A new study from the University of Oxford has found that greater body fat, particularly around the belly, can increase the risk of dying from prostate cancer by up to 10%.
Doctor-led research found that over 1,300 deaths from this cancer could be prevented each year in the UK if men weren’t overweight.
How was the study done?
Study participants did not have any cancer when recruited and were followed for an average of 12 years. Adiposity was measured at the beginning of each study, with four different measures used: Body Mass Index, BMI, waist circumference, waist-to-hip ratio, and body fat percentage.
At the end of that follow-up, 661 men had died of prostate cancer.
After analyzing the health data of men who died of prostate cancer and comparing them with those who didn’t, the researchers found that for every five additional points on a man’s BMI score, they were seven percent more likely to have prostate cancer. die of prostate cancer.

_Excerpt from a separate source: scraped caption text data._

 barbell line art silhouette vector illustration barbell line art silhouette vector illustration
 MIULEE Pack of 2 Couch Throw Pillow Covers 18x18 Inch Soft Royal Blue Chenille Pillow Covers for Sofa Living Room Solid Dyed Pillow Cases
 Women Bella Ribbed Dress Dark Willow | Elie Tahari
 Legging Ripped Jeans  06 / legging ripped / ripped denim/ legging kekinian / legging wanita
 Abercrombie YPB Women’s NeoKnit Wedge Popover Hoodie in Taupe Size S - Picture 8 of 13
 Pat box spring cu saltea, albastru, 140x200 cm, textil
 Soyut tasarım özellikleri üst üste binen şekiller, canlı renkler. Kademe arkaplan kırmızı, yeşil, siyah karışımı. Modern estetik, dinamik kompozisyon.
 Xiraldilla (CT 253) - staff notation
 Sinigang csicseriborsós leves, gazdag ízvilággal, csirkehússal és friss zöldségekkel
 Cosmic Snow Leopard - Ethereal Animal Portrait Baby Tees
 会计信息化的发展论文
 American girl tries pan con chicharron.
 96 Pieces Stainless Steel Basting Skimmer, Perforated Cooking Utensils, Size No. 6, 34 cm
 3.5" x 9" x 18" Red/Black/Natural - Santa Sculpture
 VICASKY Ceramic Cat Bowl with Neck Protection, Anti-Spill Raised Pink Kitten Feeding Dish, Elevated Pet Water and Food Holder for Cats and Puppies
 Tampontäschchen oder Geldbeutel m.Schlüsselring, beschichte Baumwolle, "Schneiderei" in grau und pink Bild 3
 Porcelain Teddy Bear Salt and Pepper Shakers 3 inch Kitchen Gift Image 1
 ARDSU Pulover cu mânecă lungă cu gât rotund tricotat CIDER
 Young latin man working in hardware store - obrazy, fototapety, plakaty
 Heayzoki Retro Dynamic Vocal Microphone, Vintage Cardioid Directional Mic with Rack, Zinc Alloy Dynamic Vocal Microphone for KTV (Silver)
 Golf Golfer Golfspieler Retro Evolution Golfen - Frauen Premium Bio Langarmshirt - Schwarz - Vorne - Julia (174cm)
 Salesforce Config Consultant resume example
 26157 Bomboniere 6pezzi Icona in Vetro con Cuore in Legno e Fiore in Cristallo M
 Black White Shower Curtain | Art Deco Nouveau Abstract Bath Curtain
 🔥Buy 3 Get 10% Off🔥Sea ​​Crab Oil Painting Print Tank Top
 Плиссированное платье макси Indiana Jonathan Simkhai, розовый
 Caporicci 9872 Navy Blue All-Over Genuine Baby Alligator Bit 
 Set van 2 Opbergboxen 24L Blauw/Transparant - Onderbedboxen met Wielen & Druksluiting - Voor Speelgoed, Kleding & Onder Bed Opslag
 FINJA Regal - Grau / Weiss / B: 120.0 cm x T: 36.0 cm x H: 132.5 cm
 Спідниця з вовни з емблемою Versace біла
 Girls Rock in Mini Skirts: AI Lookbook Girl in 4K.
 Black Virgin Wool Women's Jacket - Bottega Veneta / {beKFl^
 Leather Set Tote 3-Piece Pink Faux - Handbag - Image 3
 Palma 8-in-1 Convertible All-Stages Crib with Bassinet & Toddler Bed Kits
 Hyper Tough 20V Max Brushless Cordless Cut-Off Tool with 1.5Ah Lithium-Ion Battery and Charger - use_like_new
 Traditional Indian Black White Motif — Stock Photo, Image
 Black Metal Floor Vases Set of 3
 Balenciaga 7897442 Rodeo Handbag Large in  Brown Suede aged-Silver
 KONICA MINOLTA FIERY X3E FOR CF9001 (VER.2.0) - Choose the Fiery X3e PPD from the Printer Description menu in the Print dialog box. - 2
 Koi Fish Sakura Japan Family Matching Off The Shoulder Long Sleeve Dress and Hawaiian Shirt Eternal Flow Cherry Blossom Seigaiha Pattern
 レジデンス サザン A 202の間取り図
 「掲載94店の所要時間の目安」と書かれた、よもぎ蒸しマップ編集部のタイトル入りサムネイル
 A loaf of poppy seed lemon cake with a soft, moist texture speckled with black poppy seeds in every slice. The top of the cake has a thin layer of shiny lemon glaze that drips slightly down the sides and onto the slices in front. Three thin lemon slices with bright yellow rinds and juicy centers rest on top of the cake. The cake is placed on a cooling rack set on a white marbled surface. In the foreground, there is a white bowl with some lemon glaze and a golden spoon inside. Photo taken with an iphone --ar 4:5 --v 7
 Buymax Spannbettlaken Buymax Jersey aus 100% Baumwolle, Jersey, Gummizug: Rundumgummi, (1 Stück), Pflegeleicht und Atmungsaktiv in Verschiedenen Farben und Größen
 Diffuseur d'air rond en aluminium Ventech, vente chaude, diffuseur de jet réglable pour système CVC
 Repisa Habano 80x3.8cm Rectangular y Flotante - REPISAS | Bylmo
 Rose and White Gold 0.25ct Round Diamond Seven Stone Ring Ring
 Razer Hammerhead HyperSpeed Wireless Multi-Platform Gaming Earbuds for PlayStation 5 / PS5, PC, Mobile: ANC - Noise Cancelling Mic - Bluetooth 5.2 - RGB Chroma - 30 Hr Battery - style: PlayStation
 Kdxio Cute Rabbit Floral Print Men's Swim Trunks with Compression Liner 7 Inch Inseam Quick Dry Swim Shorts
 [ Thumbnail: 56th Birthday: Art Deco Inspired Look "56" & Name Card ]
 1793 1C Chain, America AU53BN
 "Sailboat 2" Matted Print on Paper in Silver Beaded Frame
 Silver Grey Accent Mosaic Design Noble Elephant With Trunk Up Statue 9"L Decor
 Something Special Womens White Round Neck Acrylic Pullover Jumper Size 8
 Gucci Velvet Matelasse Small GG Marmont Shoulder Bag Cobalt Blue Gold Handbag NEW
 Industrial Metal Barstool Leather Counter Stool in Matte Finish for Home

And they had a 6% higher risk of dying from prostate cancer for every 10 cm more in their waist.
The researchers also carried out an investigation, which analyzed all the evidence published so far on the topic. This brought together data from 19 studies and more than 2.5 million men, as well as data from a new analysis of more than 200,000 men.
These studies suggested that for every five additional points on a man’s BMI score, they were 10% more likely to die from prostate cancer, and an additional waist size of 10 cm represented a 7% greater risk. The results were published in BMC Medicine.